Ted Thornhill in Huffington Post
The National Youth Orchestra of Great Britain is formed from an exceptionally gifted group of musicians – but last night at the BBC Proms, they showed that they even have the wow factor when they’re not playing their instruments. A packed Royal Albert Hall had enjoyed music by Messiaen, Nico Muhly and Varese – but it was the last piece that some would consider the highlight. Written by young composer Anna Meredith and choreographed by David Ogle, it’s called HandsFree and is best described as a beat-boxing, percussive dance, with the players putting down their instruments and using their hands and voices to breath-taking effect. They clapped, stamped, sung and used their bodies as drums with incredible dexterity and precision. Huffington Post UK was lucky enough to witness the performance, which when seen from afar is quite astonishing. Bravo, boys and girls!
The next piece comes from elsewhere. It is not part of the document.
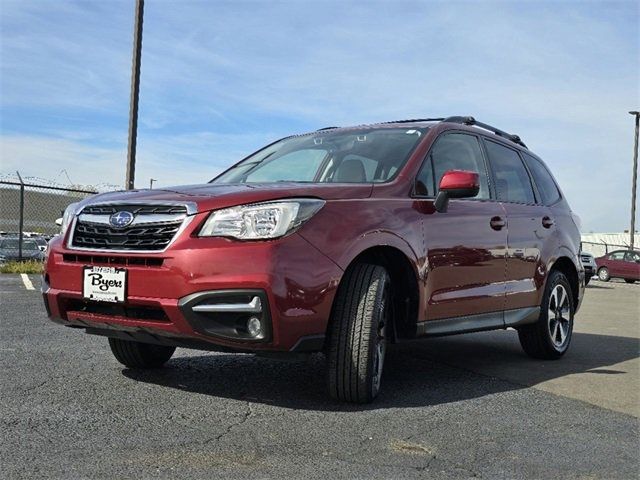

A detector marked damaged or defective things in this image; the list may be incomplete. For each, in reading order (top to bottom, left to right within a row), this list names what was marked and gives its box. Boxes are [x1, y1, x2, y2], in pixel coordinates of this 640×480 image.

cracked asphalt [0, 274, 636, 480]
Arthur Keegan-Bole for Bachtrack
Messiaen’s Turangalîla-symphonie is massive. It’s also a masterwork. To start with, the percussion section must be singled out – they showed surprising confidence playing a part littered with potential booby traps. The strings summoned a much tighter sound than earlier, articulation precise and timing impeccable, all held under the crisp and articulate conducting of Vasily Petrenko The sixth movement is one of the loveliest things I’ve heard in a very long time, with its langourous tunes over muted, lilting accompaniment and ethereal gestures from woodwind and percussion

Ivan Hewett in the Telegraph
The weekend’s youth Proms came as thick and fast as British golds at the Olympics. The one concert I was able to see, from the National Youth Orchestra, was the joyous, massively exuberant event this orchestra specialises in. The opening set the tone; it was a fantasy by Edgar Varése teased out of the single note A (thus the title, Tuning Up), which involved shouts of “sit down!” to the brass from conductor Vasily Petrenko. It reminded us that this fierce prophet of modern music had a sense of humour, and was just the right length. [In the second half came] Turangalîla, Olivier Messiaen’s 10-movement hymn to mystical and erotic love. The hugely augmented brass and wind section played with great finesse as well as power, but even so pianist Joanna MacGregor and the player of the otherworldly electronic ondes martenot Cynthia Millar were often overwhelmed. In the “Garden of the Sleep of Love” movement the balance problems faded away, and we could savour the playing from the soloists, matched in delicacy by the orchestra. As an encore, we had Anna Meredith’s brand new Handsfree. Here the players put down their instruments to make pulsed patterns of sound by beating various parts of their anatomies; hands, chests, knees. It was perfectly paced, with an amusing fake ending, followed by a real ending that made everyone cheer.